AIM Photonics QPSK Transmitter

Tool Used: OptSim Circuit

This example illustrates the simulation of a ring-modulator-based QPSK transmitter using components from the AIM Photonics PDK by Analog Photonics. The design is adapted from work presented in [1].

The topology of Figure 1(a) depicts the Compound Component implementing the transmitter. The QPSK transmitter design uses a Mach-Zehnder Interferometer configuration with ring modulators in each arm to implement BPSK modulation of in-phase (top arm) and quadrature (bottom arm) input signals. Thermal phase shifters in each arm ensure a π/2 phase shift between the two arms, and also help rotate the transmitter output constellation. 

Thermal phase shifters



Figure 1. (a) Ring-modulator-based QPSK transmitter using the AIM Photonics PDK. (b) Schematic for simulating transmitter in a back-to-back configuration with a coherent receiver.

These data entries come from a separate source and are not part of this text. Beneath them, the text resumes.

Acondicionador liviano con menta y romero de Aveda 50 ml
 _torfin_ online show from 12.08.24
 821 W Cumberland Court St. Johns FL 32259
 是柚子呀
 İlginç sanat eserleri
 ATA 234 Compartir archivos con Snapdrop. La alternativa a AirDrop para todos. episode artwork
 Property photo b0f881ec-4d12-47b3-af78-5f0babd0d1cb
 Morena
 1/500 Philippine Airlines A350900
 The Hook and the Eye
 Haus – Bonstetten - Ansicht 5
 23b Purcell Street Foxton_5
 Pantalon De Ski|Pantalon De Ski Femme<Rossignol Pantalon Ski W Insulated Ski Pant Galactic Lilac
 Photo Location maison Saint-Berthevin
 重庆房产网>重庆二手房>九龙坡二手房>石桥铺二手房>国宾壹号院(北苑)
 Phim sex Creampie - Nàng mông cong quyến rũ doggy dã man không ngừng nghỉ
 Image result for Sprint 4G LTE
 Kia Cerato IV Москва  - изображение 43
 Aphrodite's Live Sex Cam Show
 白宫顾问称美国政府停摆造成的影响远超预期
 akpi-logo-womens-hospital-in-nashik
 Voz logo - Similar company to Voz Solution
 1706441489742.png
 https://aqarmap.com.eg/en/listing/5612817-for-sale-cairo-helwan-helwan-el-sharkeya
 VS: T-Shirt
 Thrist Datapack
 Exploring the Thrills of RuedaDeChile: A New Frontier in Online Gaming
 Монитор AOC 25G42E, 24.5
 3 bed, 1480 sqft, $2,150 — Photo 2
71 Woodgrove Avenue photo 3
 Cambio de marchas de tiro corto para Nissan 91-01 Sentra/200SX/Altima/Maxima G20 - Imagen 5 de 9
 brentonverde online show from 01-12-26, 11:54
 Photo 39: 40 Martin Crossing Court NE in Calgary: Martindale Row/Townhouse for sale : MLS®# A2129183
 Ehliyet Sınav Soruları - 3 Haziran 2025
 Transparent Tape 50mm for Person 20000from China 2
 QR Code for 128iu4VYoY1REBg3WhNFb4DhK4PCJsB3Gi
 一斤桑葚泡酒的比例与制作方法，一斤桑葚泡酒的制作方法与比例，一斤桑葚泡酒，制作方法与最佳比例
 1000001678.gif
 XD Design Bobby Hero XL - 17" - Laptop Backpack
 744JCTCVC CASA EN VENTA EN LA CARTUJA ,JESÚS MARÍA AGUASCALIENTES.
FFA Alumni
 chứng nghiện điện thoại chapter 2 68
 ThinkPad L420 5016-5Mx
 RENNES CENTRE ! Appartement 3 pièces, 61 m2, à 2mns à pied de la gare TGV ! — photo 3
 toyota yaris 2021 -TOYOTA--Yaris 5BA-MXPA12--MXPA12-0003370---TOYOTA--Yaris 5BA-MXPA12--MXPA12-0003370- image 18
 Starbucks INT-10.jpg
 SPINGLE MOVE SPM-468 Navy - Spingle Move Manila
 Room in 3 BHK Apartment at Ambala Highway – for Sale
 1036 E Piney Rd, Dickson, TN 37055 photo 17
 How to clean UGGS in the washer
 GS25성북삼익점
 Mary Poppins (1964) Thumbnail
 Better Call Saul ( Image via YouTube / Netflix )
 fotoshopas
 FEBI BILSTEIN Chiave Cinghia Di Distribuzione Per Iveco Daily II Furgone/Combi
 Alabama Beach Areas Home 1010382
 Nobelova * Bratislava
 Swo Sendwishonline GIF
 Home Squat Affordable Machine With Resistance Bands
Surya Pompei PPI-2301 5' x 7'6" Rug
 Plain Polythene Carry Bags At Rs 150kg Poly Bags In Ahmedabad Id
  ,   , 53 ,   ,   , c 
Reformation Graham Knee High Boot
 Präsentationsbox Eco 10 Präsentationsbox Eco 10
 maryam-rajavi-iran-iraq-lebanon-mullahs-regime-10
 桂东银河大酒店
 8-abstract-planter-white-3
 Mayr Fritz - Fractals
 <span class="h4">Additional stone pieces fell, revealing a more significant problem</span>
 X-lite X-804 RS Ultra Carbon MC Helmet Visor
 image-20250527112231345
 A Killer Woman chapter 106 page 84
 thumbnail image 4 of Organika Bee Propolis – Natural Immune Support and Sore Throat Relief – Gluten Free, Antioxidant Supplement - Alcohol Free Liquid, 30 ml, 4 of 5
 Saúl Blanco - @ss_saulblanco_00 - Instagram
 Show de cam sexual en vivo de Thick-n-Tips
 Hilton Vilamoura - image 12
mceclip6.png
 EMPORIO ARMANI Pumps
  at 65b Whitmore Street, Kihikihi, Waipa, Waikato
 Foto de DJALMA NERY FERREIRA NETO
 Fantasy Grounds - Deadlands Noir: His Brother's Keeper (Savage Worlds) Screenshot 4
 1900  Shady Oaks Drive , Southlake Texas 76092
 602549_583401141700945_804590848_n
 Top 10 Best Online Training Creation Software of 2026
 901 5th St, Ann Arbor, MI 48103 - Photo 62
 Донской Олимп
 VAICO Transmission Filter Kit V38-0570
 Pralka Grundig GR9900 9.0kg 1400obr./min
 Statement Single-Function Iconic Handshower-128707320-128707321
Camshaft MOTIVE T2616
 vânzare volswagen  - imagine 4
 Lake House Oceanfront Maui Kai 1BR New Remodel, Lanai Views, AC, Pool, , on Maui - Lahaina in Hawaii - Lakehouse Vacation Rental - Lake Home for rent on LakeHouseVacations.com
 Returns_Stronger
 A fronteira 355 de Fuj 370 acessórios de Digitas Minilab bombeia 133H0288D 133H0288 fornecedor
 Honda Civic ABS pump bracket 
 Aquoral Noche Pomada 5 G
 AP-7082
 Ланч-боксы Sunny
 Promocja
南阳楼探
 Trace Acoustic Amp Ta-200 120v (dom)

The OptSim Circuit topology of Figure 1(b) depicts the test schematic connecting this transmitter to a QPSK receiver in a back-to-back configuration. The coherent receiver consists of a 90˚ hybrid with local oscillator and balanced receiver, to recover the original transmitted in-phase and quadrature signals.

Figure 2 depicts the QPSK constellation diagram at the output of the transmitter. Figure 3(a) shows the transmitted and received in-phase signals, while Figure 3(b) shows the corresponding quadrature signals. As can be seen, the receiver is able to recover the transmitted signals.

Finally, if you have PhoeniX Software’s OptoDesigner installed and have loaded PDAFlow Libraries into OptSim Circuit, including the PhoeniX version of the AIM Photonics PDK, then you can generate a layout for the transmitter. To do so, use the Generate PDAFlow Netlist from the Utilities menu. This will produce an SPT file in the project directory, which can be loaded into OptoDesigner. Figure 4 shows the corresponding layout.

Output constellation from QPSK transmitter

Figure 2. Output constellation from QPSK transmitter.

Transmitted and received (a) in-phase and (b) quadrature signals.


Transmitted and received (a) in-phase and (b) quadrature signals.


Figure 3. Transmitted and received (a) in-phase and (b) quadrature signals.

QPSK transmitter layout in PhoeniX OptoDesigner

Figure 4. QPSK transmitter layout in PhoeniX OptoDesigner.


1.  E. Ghillino, P. Mena, V. Curri, A. Carena, J. Patel, D. Richards, and R. Scarmozzino, "Simulation of silicon photonic coherent PM-QPSK transceivers using microring modulators," 2014 16th International Conference on Transparent Optical Networks (ICTON), paper Tu.C1.5, 6-10 July 2014.